GIVEN DATA =
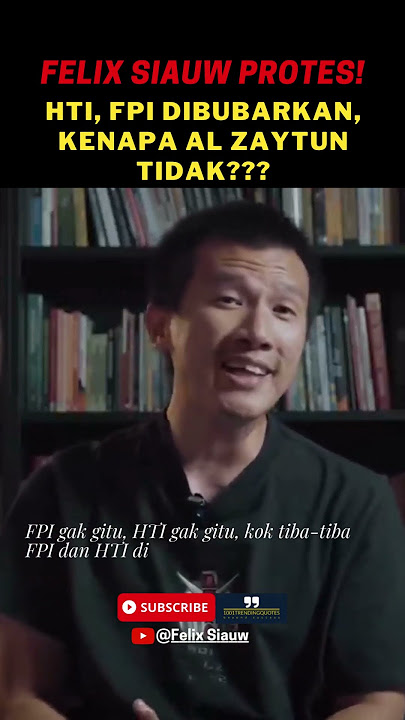 Download lagu Felix Siauw Protes! HTI, FPI Dibubarkan, Kenapa Al Zaytun Tidak? #shorts #shortsfeed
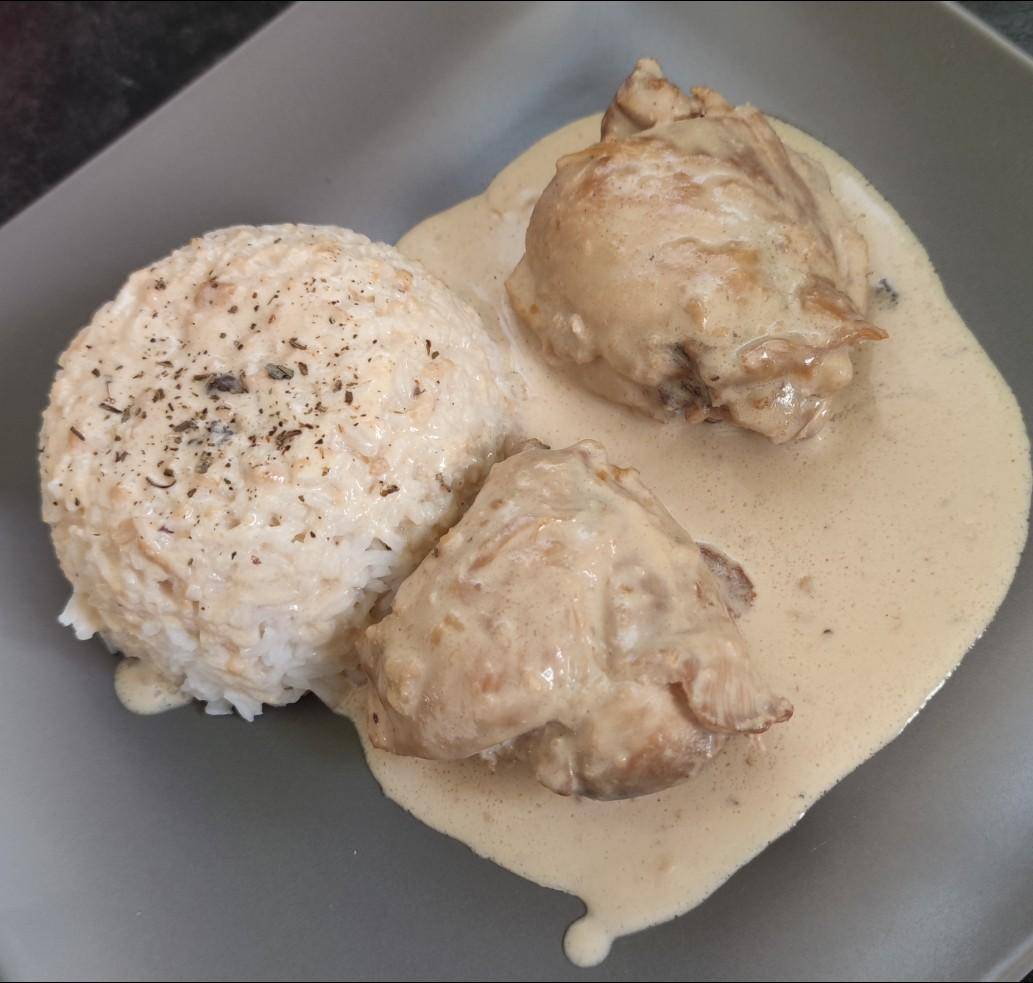 Poulet coco-cacahuète - Recette Cookeo | Moulinex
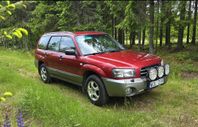 Subaru Forester 2.0 4WD Euro 3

EXERCISE OBJECTIVE = Retype the whole listing. Keep every word exact but include no pictures.

THE ANSWER =
 Download lagu Felix Siauw Protes! HTI, FPI Dibubarkan, Kenapa Al Zaytun Tidak? #shorts #shortsfeed
 Poulet coco-cacahuète - Recette Cookeo | Moulinex
 Subaru Forester 2.0 4WD Euro 3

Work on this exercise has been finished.